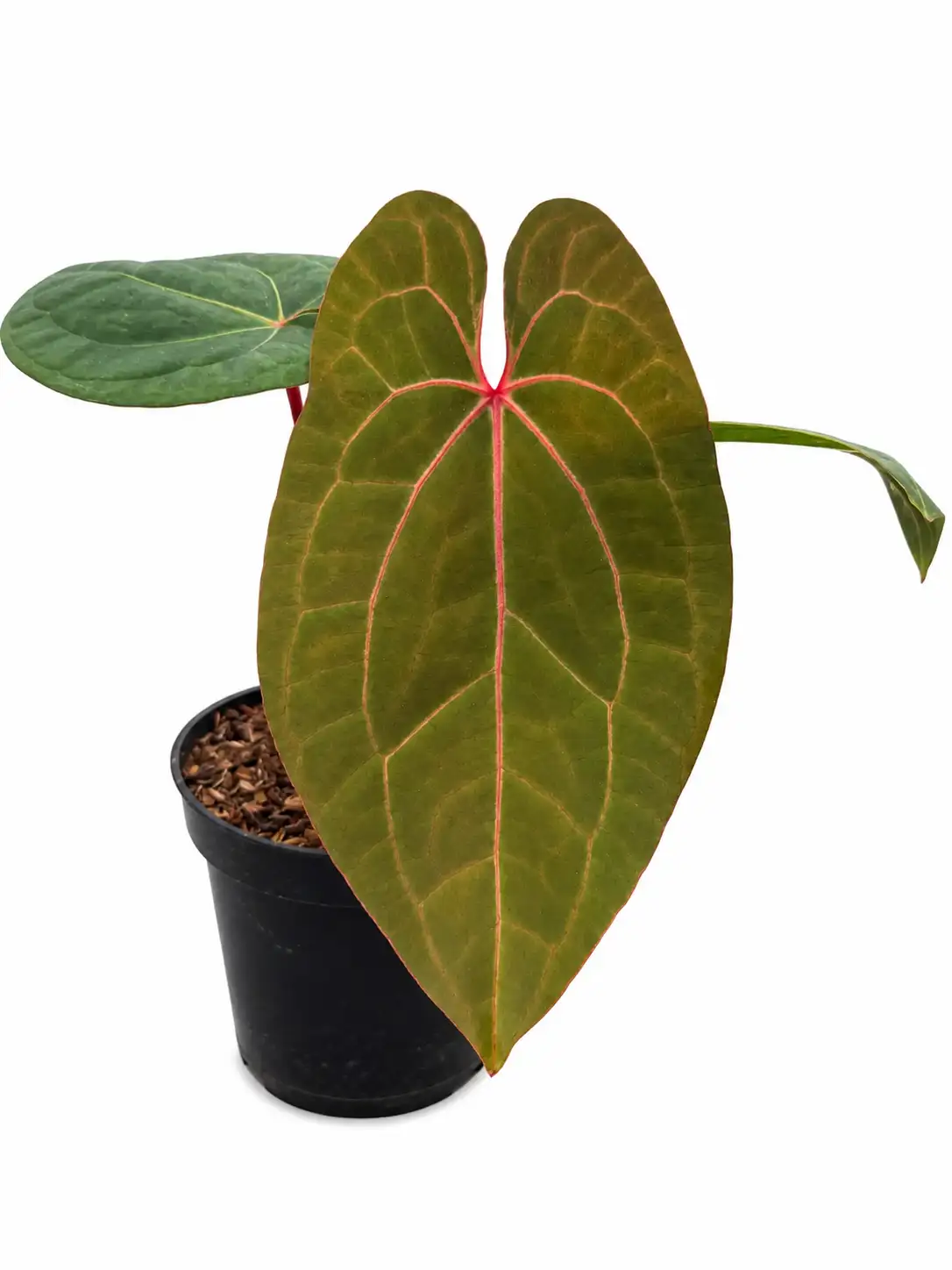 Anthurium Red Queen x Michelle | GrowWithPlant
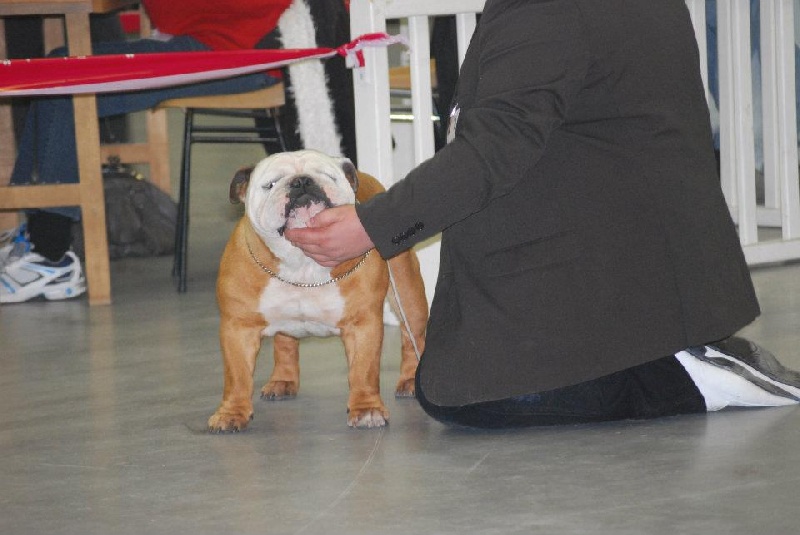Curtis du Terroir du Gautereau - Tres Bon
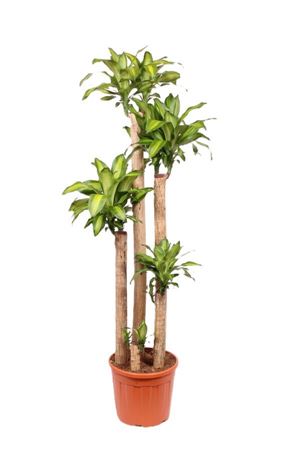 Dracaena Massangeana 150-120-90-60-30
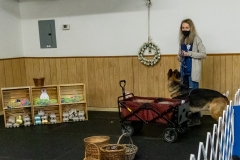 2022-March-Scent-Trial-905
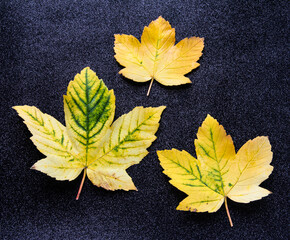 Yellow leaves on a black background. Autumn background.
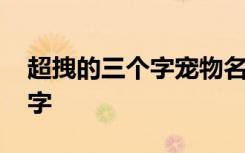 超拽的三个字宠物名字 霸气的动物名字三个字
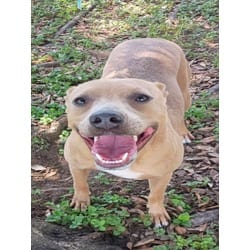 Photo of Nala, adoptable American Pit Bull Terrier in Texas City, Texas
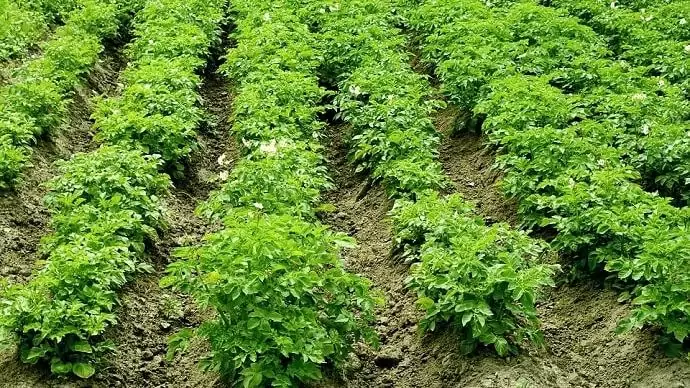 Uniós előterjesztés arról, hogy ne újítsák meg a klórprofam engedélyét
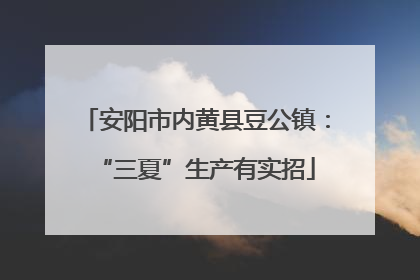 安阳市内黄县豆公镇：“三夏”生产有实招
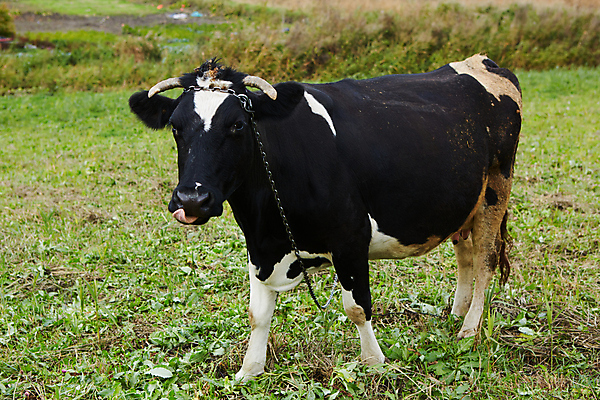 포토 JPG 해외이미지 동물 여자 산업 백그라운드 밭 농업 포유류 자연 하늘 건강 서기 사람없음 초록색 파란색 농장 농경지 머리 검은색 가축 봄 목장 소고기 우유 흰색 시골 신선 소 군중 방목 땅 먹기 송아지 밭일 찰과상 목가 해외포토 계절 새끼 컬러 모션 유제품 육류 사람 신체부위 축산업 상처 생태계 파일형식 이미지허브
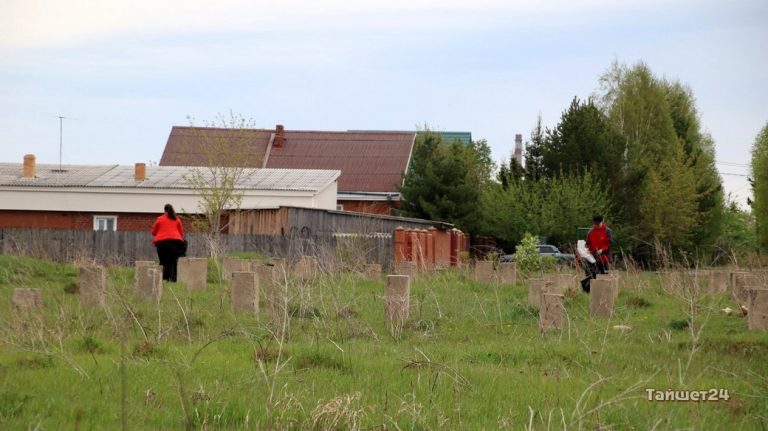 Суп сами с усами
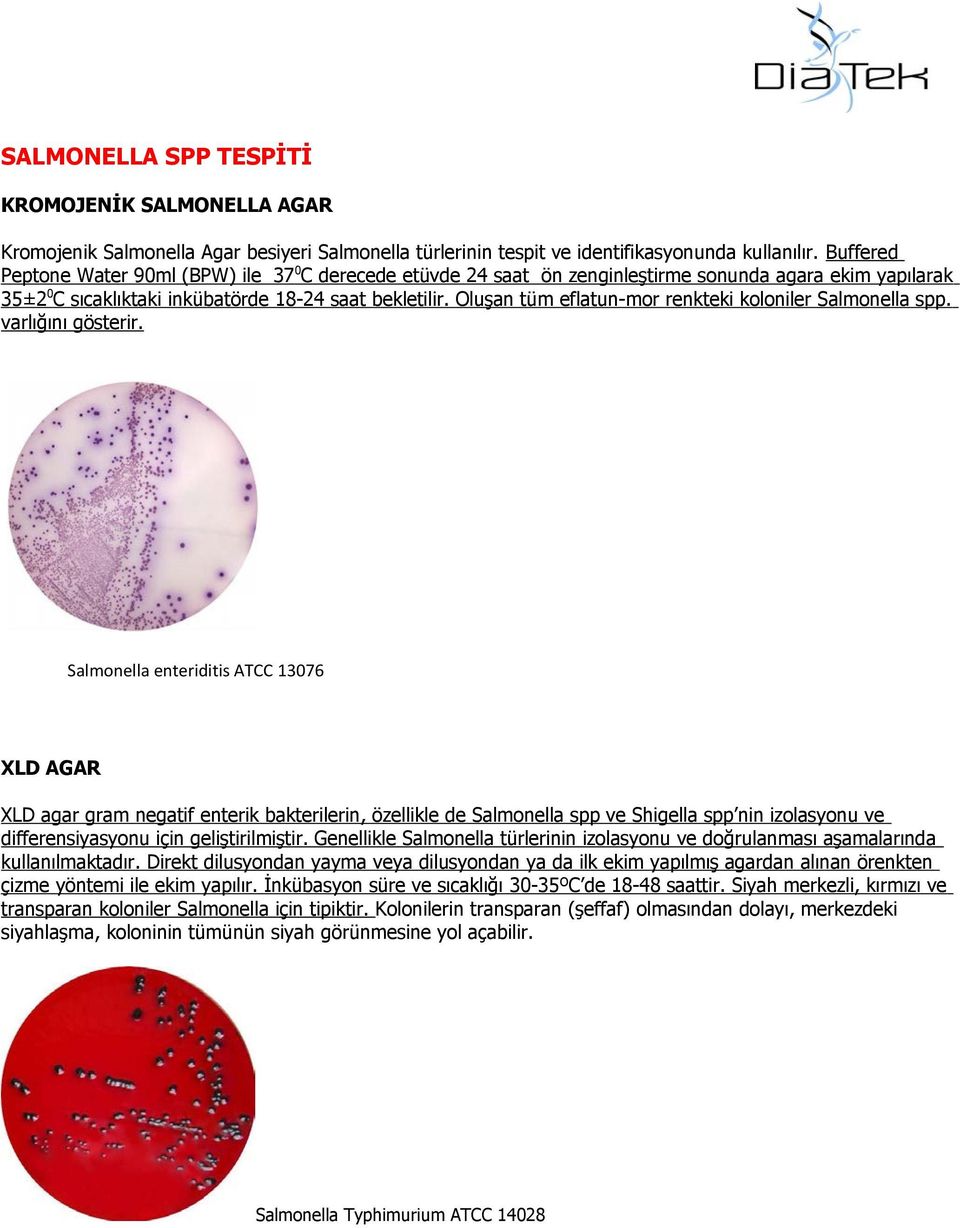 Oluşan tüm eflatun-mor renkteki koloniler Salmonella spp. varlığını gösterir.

··········

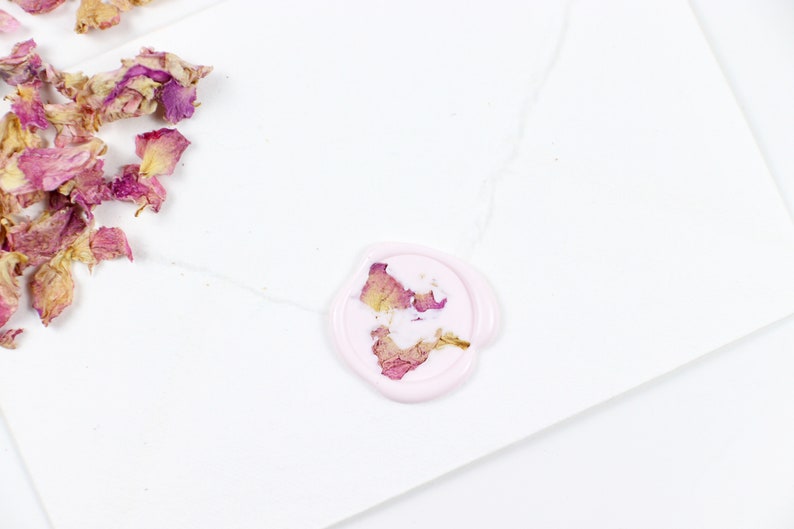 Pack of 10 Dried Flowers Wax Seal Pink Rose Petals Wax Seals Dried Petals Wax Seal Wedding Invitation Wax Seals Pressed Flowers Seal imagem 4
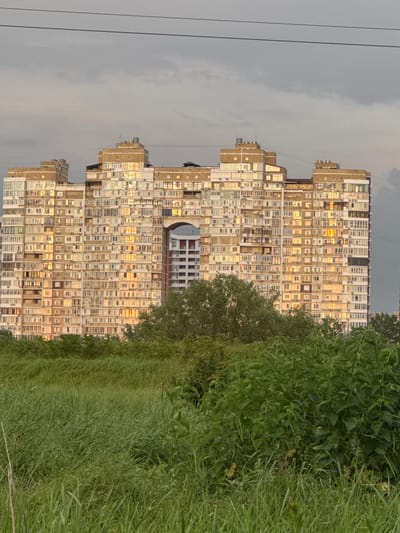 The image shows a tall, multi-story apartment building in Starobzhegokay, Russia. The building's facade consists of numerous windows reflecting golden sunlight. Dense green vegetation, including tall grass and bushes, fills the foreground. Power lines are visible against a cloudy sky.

··········

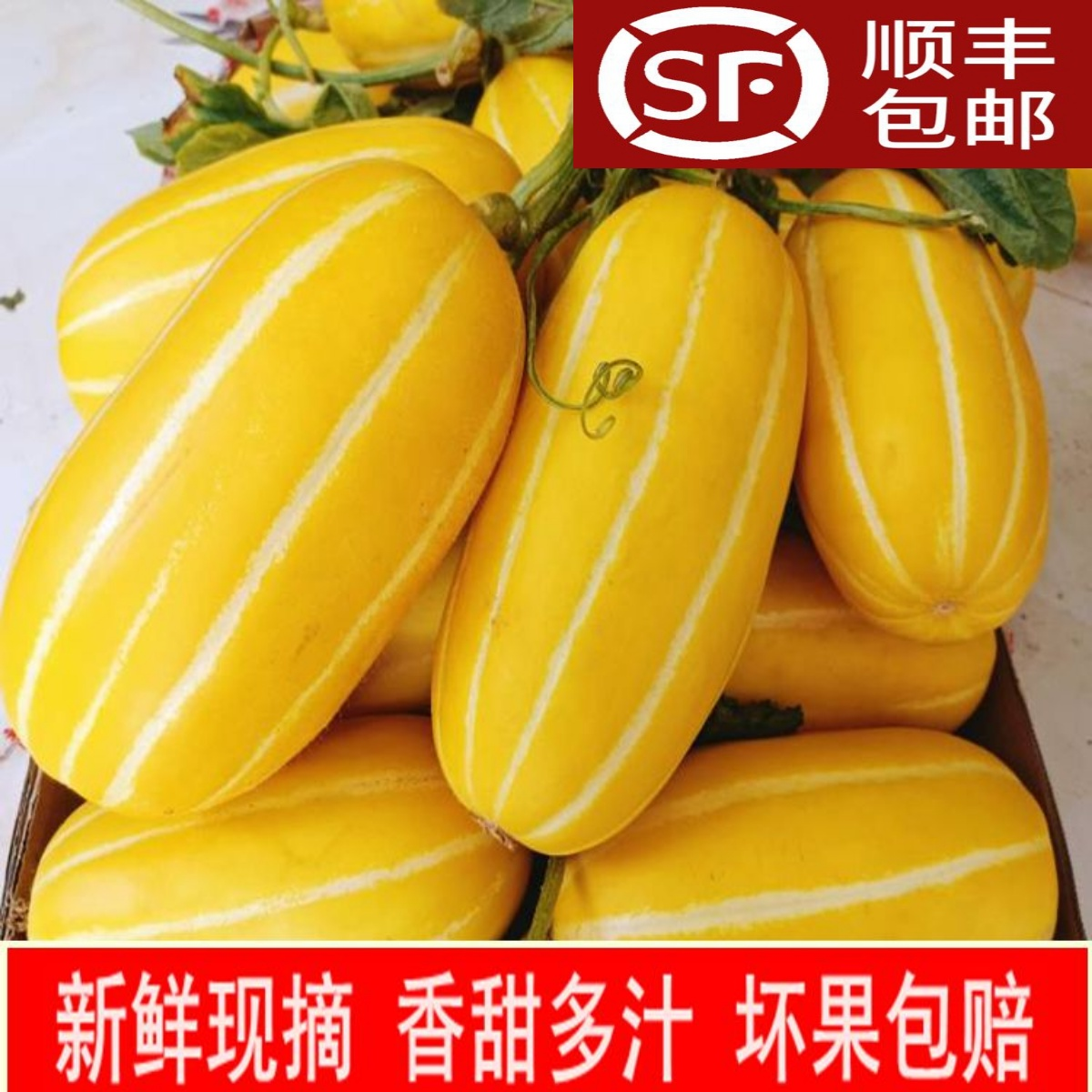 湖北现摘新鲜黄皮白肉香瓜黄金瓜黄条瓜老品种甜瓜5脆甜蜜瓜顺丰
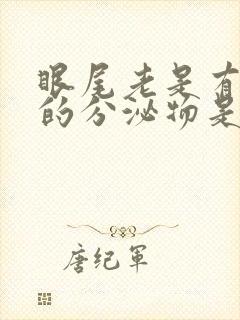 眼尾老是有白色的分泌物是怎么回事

··········

§ **Required work**
Give again the stretch of the entries above that begins at the line with "포토 JPG 해외이미지" and ends at the line with "Oluşan tüm eflatun-mor", word for word, with no pictures.

§ **The completed task**
 포토 JPG 해외이미지 동물 여자 산업 백그라운드 밭 농업 포유류 자연 하늘 건강 서기 사람없음 초록색 파란색 농장 농경지 머리 검은색 가축 봄 목장 소고기 우유 흰색 시골 신선 소 군중 방목 땅 먹기 송아지 밭일 찰과상 목가 해외포토 계절 새끼 컬러 모션 유제품 육류 사람 신체부위 축산업 상처 생태계 파일형식 이미지허브
 Суп сами с усами
 Oluşan tüm eflatun-mor renkteki koloniler Salmonella spp. varlığını gösterir.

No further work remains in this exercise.